Reviens.id, Palangka Raya - Banjir akibat luapan anak sungai Katingan di Kalimantan Tengah dijadikan warga sebagai tempat mencari ikan dadakan yang langsung dijual di tempat.

Para pencari ikan dadakan terdiri dari berbagai macam profesi, yakni petani, buruh bahkan ada yang berstatus sebagai seorang pegawai negeri sipil. Bagi warga setempat, kegiatan ini sudah menjadi tradisi jika banjir besar datang.

Sementara ikan yang dijual bervariasi antara Rp10-50 ribu per kilonya, tergantung jenis ikan. Salah satu pencari ikan dakakan, Dino Tutang mengatakan bencana banjir yang melanda Kabupaten Katingan, Kalimantan Tengah justru menjadi berkah bagi warga karena dapat meraup keuntungan dari hasil penjualan ikan.

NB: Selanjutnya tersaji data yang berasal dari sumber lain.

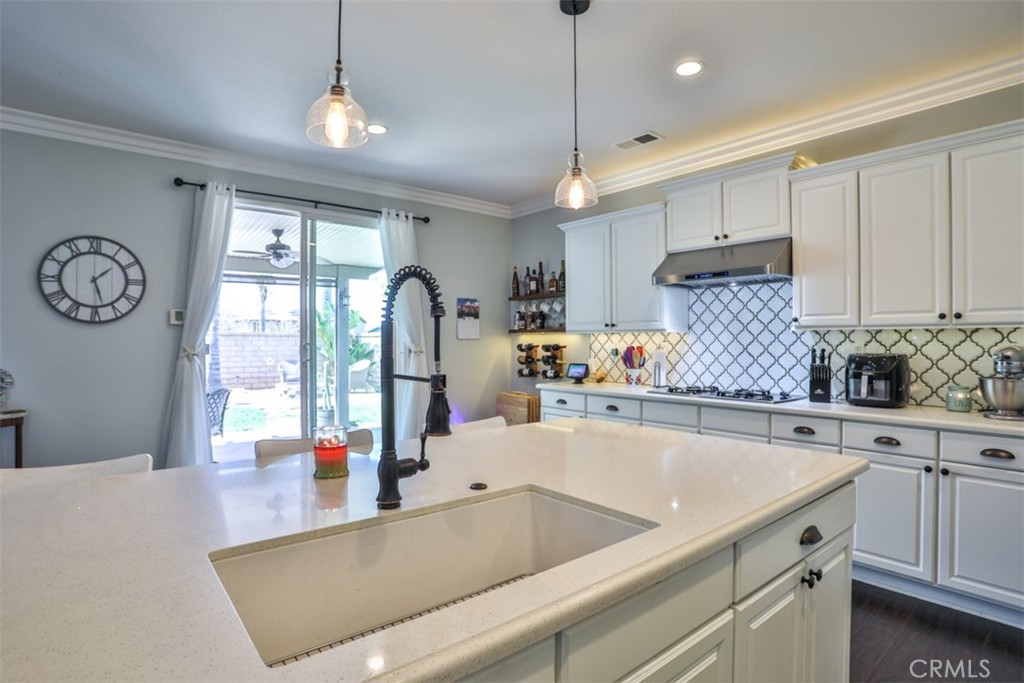 3250 Quartz Circle Corona, CA 92882 - Photo 18 of 68 a kitchen with a sink a counter space appliances and cabinets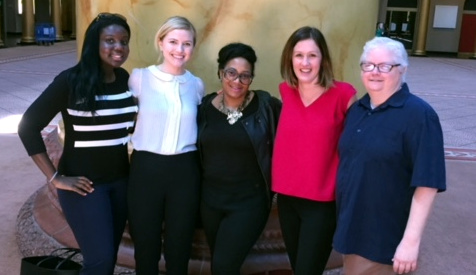 Group of women with arms around each other posing for the camera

"Kami sebagai warga Kasongan, rasanya jika banjir seperti ini sudah menjadi tradisi tiap tahun, kalau banjir besar kami bisa mengumpulkan ikan dan dijual untuk masyarakat juga," ujar Dino Tutang, salah satu pencari ikan, Senin (12/9/2022).

Tradisi ini mengundang para pengendara yang melintasi jalan transkalimantan untuk membeli ikan yang dijajakan para penjual ikan dadakan. Bahkan salah seorang pembeli Mahmudah mengatakan harga jual ikan di tempat pencarian ikan dadakan lebih murah dibandingkan harga di pasar.

"Ini harganya Rp10 ribu, kalau di pasar segini ada yang Rp40 ribu hingga Rp50 ribu per kilonya, mending beli di tempat pencari ikan langsung dari pada beli di pasar," Mahmudah mengakhiri.

Namun banjir tetaplah banjir, pemerintah daerah perlu mencari jalan keluar agar banjir tak menjadi tradisi, sehingga aktivitas warga tidak terganggu.